- _What is required_: Would you transcribe the records below from the line with "emycarver09 online show" to the line with "5 slaapkamer Villa", ends included, exactly and with nothing more, leaving the pictures out?

- _Data in this exercise_:
= Beginning of Section =

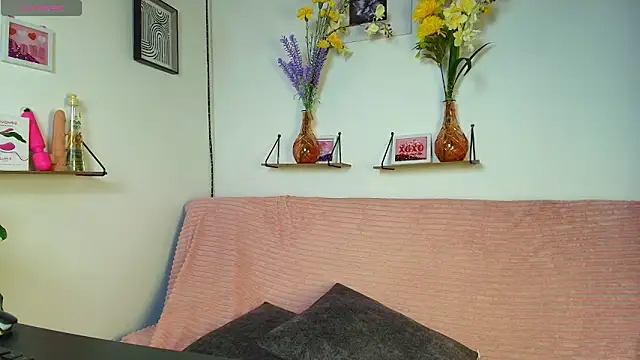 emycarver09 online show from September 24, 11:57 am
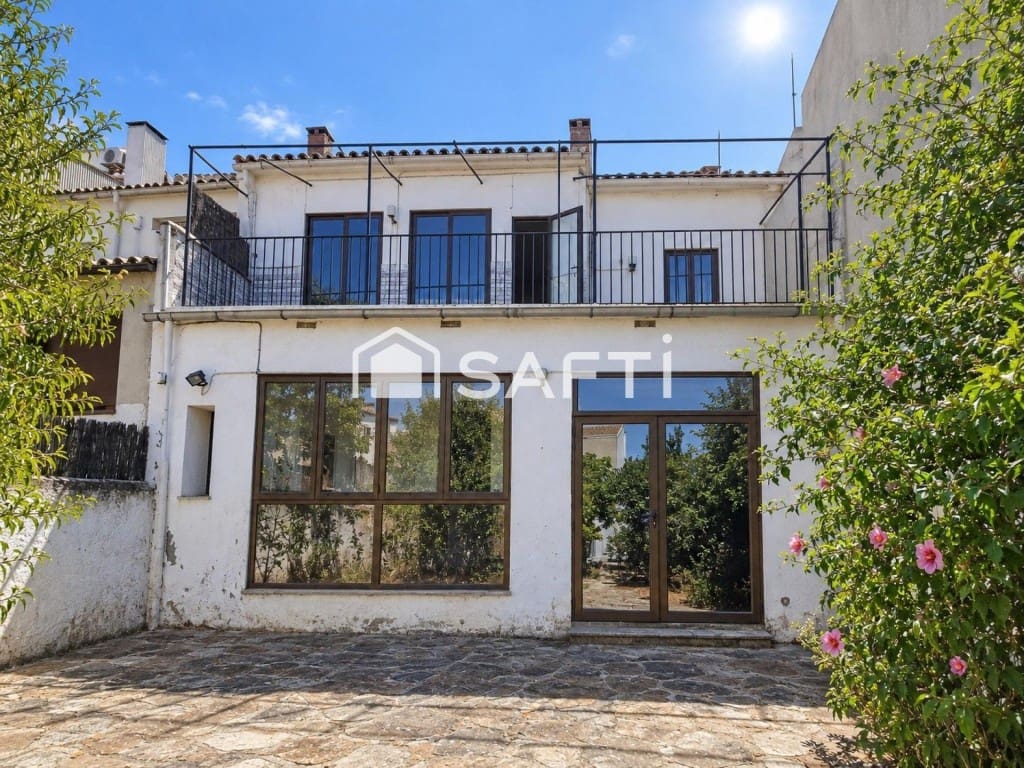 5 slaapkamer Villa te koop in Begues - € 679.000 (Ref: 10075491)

= End of Section =
= Beginning of Section =

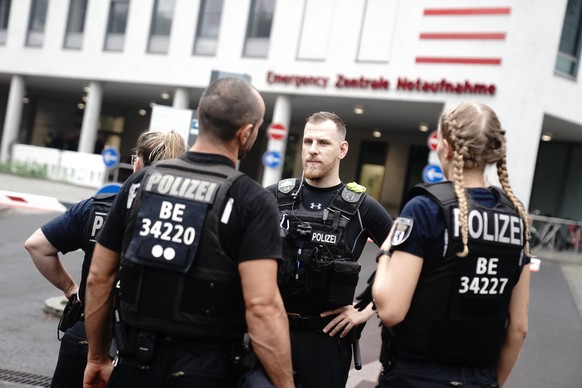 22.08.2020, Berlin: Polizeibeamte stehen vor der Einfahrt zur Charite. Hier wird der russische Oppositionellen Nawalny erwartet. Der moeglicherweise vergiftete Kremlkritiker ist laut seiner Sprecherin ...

= End of Section =

- _Answer box_:
 emycarver09 online show from September 24, 11:57 am
 5 slaapkamer Villa te koop in Begues - € 679.000 (Ref: 10075491)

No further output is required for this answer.